Entries shown START

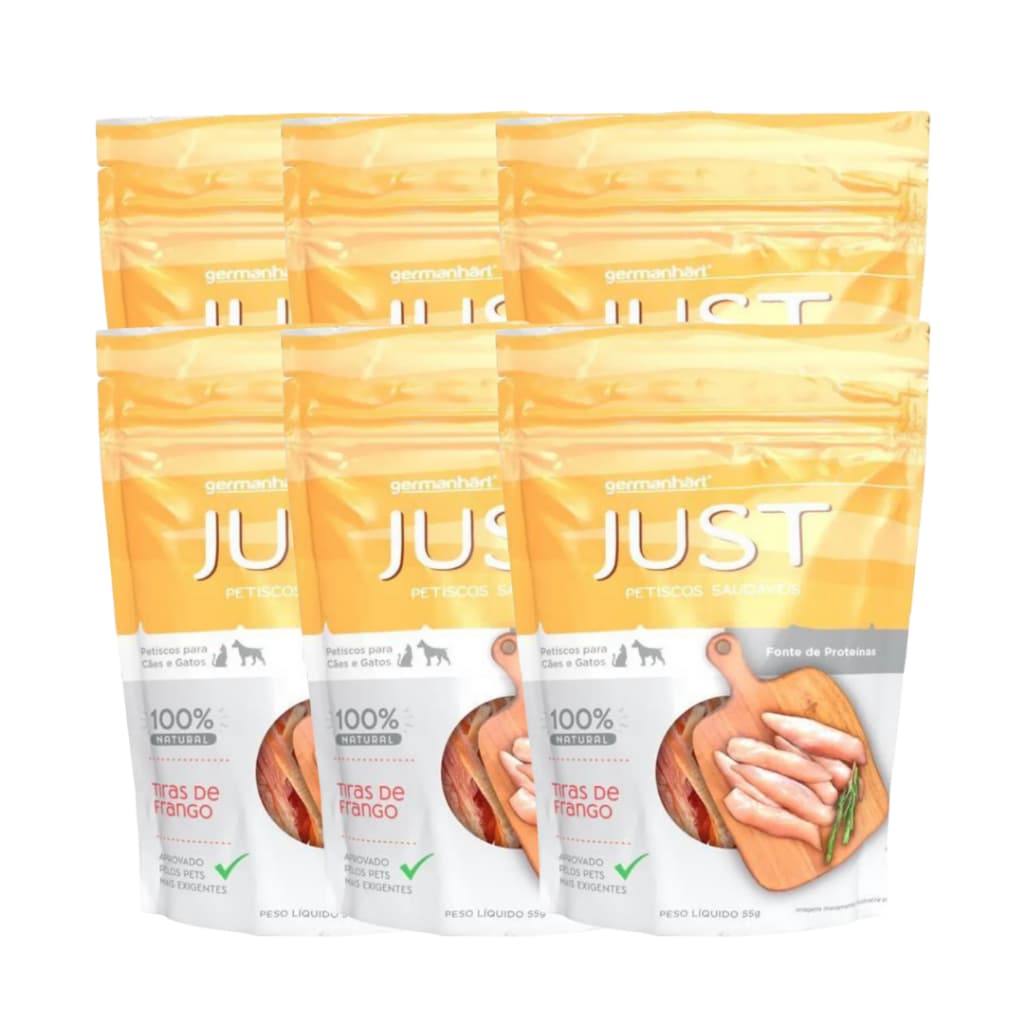 Kit 6 Petisco Natural Just Slice De Frango 55g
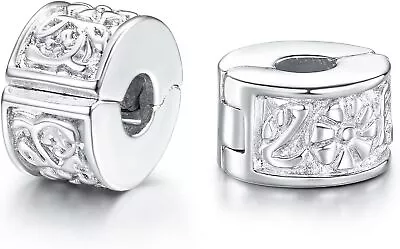 Authentic 2Pc Clip Lock Spacer Stopper Charm Bead Suits Pandora Bracelet NEW USA • $12.99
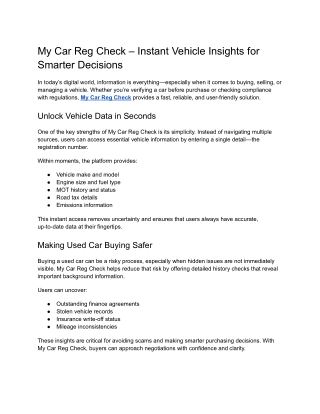 My Car Reg Check – Instant Vehicle Insights for Smarter Decisions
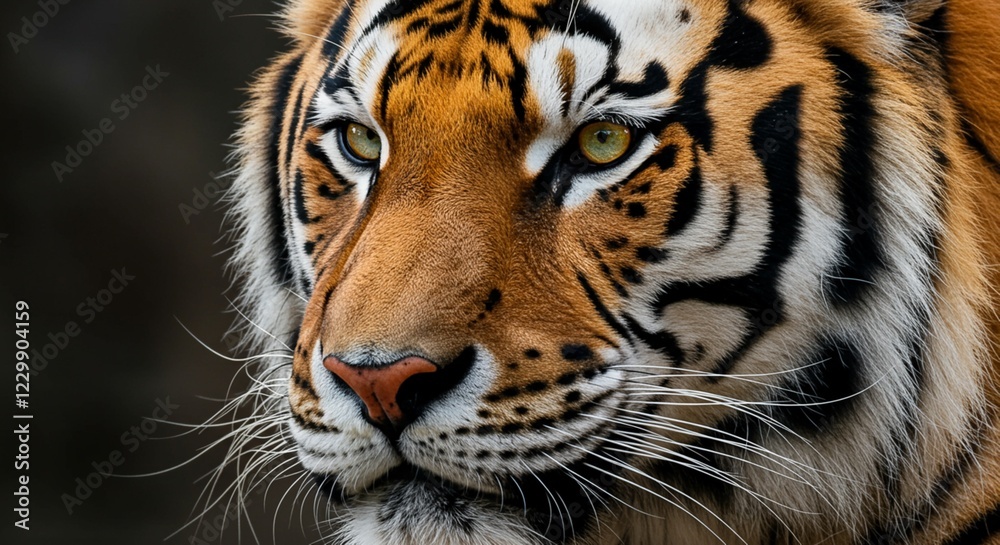 Naklejka premium Majestic Tiger Closeup Intense Gaze Wildlife Photography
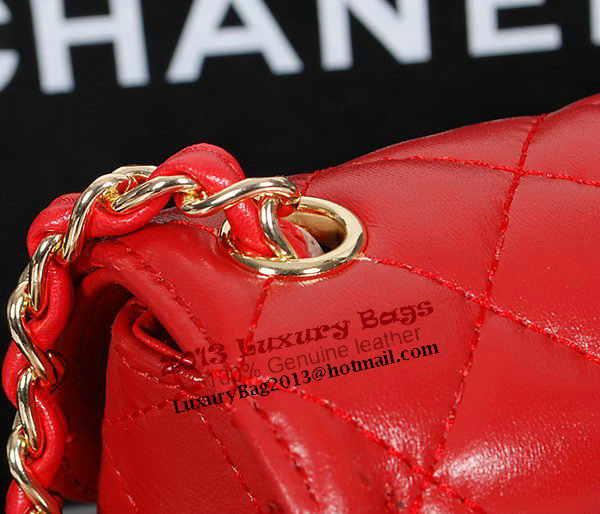 Chanel 1115 Classic mini Flap Bag in Red Sheepskin Leather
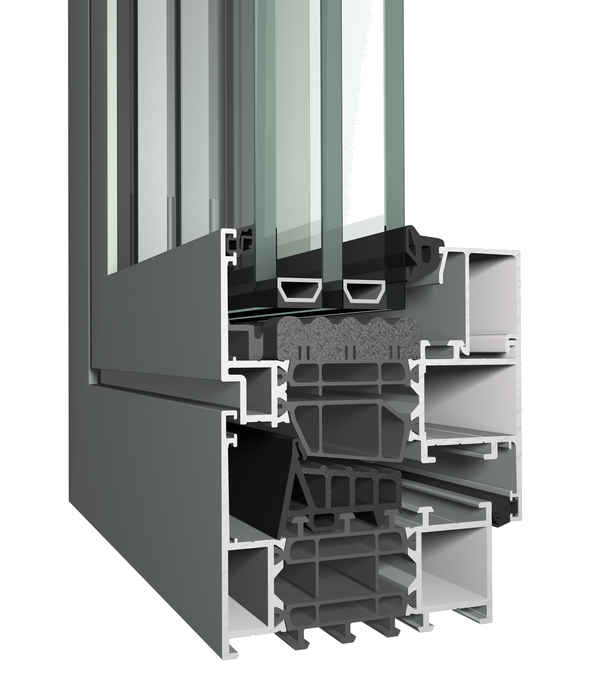 Querschnitt des Reynaers MasterLine 8 Aluminium-Fensterprofils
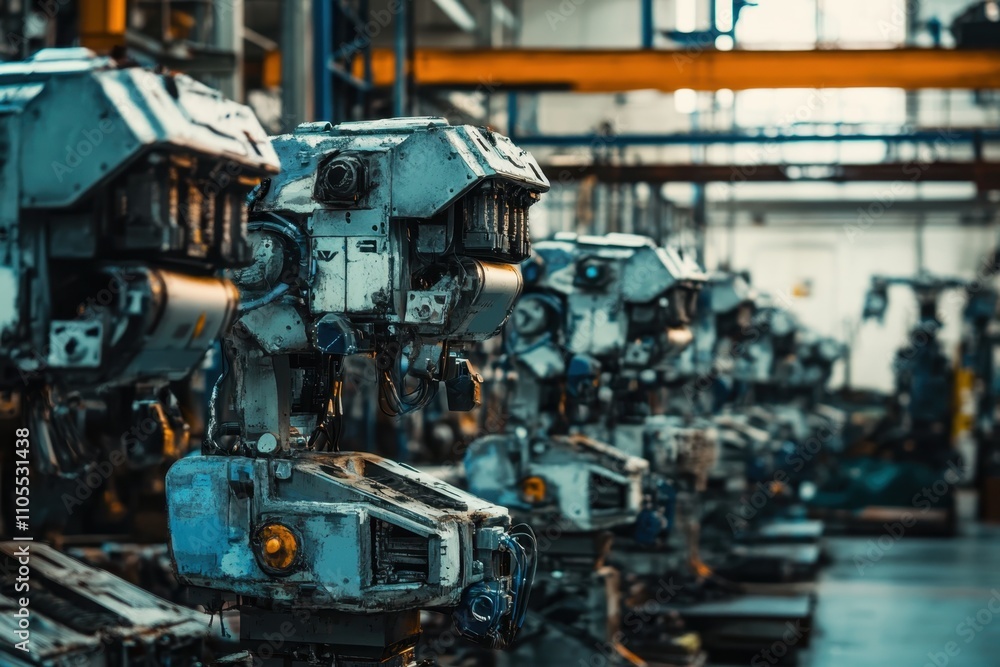 Robots lined up in industrial facility ready for automation tasks Robots lined up in industrial facility ready for automation tasks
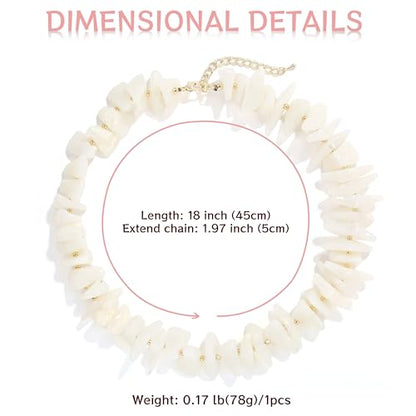Elegance 11 designs Chunky Heart Necklace for Women, Colorful Acrylic Beaded Statement Puff Heart Necklace, Cute Boho Y2K Choker Necklace for Gift Jewelry - color: White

Entries shown END

• _What you are asked to do_: Skip every image and output the remaining records exactly.

• _Written answer_:
 Kit 6 Petisco Natural Just Slice De Frango 55g
 Authentic 2Pc Clip Lock Spacer Stopper Charm Bead Suits Pandora Bracelet NEW USA • $12.99
 My Car Reg Check – Instant Vehicle Insights for Smarter Decisions
 Naklejka premium Majestic Tiger Closeup Intense Gaze Wildlife Photography
 Chanel 1115 Classic mini Flap Bag in Red Sheepskin Leather
 Querschnitt des Reynaers MasterLine 8 Aluminium-Fensterprofils
 Robots lined up in industrial facility ready for automation tasks Robots lined up in industrial facility ready for automation tasks
Elegance 11 designs Chunky Heart Necklace for Women, Colorful Acrylic Beaded Statement Puff Heart Necklace, Cute Boho Y2K Choker Necklace for Gift Jewelry - color: White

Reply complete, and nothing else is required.